═════ Data for review
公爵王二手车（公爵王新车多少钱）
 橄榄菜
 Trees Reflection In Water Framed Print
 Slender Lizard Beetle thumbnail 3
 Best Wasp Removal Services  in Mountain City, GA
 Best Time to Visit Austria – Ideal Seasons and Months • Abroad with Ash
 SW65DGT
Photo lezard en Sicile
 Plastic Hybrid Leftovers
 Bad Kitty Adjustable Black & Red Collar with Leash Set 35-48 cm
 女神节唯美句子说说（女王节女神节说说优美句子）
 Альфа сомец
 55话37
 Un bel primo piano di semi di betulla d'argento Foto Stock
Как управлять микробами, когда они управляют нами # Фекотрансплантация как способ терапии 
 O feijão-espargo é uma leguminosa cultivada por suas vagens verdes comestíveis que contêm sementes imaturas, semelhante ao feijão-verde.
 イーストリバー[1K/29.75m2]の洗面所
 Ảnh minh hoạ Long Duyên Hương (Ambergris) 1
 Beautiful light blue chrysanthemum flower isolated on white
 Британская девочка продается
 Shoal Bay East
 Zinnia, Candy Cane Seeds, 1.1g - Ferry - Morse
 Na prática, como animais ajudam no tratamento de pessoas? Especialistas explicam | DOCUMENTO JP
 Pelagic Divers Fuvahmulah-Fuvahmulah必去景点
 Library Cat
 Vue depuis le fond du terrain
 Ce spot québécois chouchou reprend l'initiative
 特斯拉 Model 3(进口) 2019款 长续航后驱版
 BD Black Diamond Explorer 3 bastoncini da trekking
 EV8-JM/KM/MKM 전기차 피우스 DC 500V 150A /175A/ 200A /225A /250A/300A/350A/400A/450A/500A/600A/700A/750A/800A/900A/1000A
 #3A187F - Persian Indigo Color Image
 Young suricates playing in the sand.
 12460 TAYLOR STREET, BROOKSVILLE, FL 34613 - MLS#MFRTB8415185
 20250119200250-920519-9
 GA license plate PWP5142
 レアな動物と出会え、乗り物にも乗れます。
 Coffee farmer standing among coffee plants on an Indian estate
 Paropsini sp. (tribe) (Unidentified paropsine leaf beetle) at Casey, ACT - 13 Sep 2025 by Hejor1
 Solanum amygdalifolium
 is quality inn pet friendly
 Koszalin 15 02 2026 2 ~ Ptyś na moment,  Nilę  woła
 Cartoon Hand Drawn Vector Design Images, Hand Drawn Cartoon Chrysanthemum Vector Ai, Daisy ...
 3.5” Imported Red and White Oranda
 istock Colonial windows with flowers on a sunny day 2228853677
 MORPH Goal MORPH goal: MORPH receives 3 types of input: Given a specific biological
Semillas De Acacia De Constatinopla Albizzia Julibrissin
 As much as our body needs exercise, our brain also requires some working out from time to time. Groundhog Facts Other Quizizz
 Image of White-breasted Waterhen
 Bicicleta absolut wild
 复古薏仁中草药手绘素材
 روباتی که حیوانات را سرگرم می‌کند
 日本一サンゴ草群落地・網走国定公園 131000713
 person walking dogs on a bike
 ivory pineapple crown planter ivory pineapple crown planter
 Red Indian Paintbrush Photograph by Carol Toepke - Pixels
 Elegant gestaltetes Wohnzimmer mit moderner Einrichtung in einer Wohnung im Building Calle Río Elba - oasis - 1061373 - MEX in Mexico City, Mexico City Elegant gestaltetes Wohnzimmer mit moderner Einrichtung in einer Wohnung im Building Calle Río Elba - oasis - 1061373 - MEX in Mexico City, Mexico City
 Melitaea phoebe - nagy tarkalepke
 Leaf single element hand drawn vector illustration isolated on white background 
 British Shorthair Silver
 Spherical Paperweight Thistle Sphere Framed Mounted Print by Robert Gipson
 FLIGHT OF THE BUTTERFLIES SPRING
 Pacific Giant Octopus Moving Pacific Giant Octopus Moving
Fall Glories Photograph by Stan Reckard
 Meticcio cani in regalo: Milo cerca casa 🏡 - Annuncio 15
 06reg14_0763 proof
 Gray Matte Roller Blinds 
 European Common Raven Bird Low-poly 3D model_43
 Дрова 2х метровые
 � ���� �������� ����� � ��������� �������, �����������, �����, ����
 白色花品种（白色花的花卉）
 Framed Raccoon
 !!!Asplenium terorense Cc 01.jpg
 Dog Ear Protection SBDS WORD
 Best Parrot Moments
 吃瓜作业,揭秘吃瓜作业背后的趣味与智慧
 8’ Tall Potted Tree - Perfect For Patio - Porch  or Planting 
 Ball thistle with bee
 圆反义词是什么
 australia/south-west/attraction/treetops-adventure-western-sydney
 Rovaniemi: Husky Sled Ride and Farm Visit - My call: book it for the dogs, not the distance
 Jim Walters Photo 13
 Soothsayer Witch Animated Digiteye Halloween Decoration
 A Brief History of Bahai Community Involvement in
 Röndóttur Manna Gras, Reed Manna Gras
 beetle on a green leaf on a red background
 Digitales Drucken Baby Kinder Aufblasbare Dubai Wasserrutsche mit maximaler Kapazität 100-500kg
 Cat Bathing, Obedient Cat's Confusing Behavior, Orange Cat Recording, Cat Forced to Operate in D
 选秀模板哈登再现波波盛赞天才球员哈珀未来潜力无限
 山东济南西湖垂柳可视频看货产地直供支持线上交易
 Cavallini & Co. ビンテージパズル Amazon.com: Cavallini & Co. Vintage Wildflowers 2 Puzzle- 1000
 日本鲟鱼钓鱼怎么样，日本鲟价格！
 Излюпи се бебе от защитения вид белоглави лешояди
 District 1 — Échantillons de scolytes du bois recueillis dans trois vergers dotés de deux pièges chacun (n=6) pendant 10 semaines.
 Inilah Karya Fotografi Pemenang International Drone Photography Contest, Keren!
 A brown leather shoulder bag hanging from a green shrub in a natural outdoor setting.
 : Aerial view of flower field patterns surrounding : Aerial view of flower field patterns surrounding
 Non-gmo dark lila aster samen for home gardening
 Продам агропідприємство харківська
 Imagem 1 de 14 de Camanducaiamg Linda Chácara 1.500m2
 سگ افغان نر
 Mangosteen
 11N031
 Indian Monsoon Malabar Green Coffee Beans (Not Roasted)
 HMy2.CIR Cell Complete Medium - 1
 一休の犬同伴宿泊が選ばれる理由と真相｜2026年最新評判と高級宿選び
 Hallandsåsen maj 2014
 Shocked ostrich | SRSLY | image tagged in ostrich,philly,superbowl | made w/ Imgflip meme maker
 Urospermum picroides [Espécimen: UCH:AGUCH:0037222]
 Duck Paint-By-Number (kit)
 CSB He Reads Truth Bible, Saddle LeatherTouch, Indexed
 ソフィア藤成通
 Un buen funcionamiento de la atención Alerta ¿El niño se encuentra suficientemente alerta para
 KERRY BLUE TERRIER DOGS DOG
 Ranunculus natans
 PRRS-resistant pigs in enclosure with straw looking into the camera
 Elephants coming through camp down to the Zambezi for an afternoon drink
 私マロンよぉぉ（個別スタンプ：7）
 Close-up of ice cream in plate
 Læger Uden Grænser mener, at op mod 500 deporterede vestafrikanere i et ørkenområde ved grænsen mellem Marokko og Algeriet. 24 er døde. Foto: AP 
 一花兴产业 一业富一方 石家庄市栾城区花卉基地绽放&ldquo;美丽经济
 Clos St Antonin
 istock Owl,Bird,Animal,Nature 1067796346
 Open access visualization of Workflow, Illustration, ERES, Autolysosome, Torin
══════════
§ **Aim of the task**: Write the number of lines above that contain the string "Best", and nothing besides.

§ **Expected output**: 3